How to save for a rainy day and why it matters?

When it rains it pours

If you have ever wondered where did that come from, chances are you are not alone. Life can be unpredictable but as you will learn, there are things that we can predict. Many things in life are "whens" and not "ifs."

Image used with Creative Commons courtesy of Shutterstock

What life looked like before and after I started managing my money

Overwhelmed, out of control, one "unforeseeable event" away from catastrophe
Empowered, I control my money, I am prepared for the future and can pay for today.

"We can't tell the future but there are definitely things that we know are coming down the pipeline"

There are times that make or break a lot of people’s finances. One of those is the arrival of your first child. Your income is cut in at least half and your expenses rise to challenge it. It is important to realize that many of the expenses you have with your child become regular parts of your budget, not just the one-off sunk costs of a car seat. For example, when they begin eating solids, your grocery bill inevitably raises a bit. Diapers and wipes become a mass revenue generator for your local grocer, and if your baby is formula fed there is another line item.

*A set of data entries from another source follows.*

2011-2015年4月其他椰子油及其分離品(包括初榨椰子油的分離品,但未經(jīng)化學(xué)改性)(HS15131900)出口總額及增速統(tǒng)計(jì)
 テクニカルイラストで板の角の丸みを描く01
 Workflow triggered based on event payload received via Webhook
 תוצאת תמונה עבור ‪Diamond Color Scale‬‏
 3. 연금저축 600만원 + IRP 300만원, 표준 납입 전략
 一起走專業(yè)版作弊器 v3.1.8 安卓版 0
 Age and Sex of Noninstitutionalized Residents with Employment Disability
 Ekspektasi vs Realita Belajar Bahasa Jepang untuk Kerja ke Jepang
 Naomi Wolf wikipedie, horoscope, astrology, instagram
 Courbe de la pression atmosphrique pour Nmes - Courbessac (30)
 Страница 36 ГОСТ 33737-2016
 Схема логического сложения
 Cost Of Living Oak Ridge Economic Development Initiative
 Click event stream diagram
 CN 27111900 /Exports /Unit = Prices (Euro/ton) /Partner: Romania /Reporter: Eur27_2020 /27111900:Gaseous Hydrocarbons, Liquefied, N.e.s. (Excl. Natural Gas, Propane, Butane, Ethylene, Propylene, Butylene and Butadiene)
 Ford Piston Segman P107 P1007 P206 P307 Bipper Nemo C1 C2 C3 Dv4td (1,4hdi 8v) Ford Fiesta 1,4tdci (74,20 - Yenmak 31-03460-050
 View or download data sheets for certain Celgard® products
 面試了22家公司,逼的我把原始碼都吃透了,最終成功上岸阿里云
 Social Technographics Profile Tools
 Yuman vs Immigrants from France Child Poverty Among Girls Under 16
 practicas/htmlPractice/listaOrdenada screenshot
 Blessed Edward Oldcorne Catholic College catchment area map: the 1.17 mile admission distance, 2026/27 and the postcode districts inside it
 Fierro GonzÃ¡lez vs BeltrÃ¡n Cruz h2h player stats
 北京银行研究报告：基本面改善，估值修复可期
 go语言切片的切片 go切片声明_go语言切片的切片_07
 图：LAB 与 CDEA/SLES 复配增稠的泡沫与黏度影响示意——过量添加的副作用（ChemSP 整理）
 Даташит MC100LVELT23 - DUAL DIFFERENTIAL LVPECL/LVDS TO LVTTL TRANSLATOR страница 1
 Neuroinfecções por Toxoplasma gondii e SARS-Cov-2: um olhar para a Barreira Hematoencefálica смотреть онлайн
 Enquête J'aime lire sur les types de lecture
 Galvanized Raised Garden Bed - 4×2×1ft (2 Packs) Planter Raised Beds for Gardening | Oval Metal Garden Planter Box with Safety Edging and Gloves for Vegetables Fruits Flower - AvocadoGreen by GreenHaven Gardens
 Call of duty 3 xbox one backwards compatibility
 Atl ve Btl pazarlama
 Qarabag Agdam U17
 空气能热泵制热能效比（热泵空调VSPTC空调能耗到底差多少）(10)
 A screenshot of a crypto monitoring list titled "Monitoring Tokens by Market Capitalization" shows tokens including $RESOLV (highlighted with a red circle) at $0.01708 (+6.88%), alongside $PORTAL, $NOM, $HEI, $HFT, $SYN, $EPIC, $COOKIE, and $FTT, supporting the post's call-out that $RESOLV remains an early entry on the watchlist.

Well, R & I welcomed J into our life in May 2020. Many of you are familiar with the turmoil that was 2020 but to keep it brief, there was a monumental election, a novel pandemic, and stock markets hitting highs and lows frequently in a short time span. Thankfully, we had taken a personal finance course offered through our church the year prior. While we had not anticipated a pandemic, we did forecast that our income would be lower than normal for 2020. We are blessed to be in Canada where maternity leave can be taken for a year. This meant our income would be roughly half of what we regularly earn. So, we set ourselves a goal of saving a juicy emergency fund for such a case. We reverse engineered and found that if we saved 10, 000 CAD that should last us the duration of maternity leave. That is a respectable sum of money! Especially considering I am a student.

When it rains it pours

We sourced our savings fund with a few methods - the biggest contributor being our tax returns. So, we took a good chunk of that and put it towards our savings fund. Next, we set up automatic/recurring deposits to the savings account which at the time was earning a cool 2% interest (sadly, interest rates have dropped since then, but it did help pad the accounts faster). That is one example of the power of looking towards the future and managing your money.

Perhaps you are not expecting a little one any time soon, but do you drive a car? Cars by nature are not indestructible and need maintenance annually. Do you pay for insurance annually to save costs? If so, set up an automatic deposit so you have those funds available. This works great for holidays that we know are the same time every year.

"Be Prepared and Ye Shall Not Fear"

DC 38:30

The tool we used to save this money up was EQ bank. I am an affiliate which means if you sign up with them and deposit $100, we both get $20. Here is the link to get that 20 dollars. Additionally, here is my blog post on the exact system I am using to manage my money.

I love being able to name my individual accounts, especially as a self-employed person. It has no fees and has treated our family well. For example, I have a profit account, a business expense account, an education fund, and an opportunity fund. My wife has a professional fees account, a baby fund (which included a year's worth of insurance fees so we were covered for the duration of maternity leave), a vacation fund, a car repair/replacement account, and an emergency fund/ I- know -I -forgot-something fund.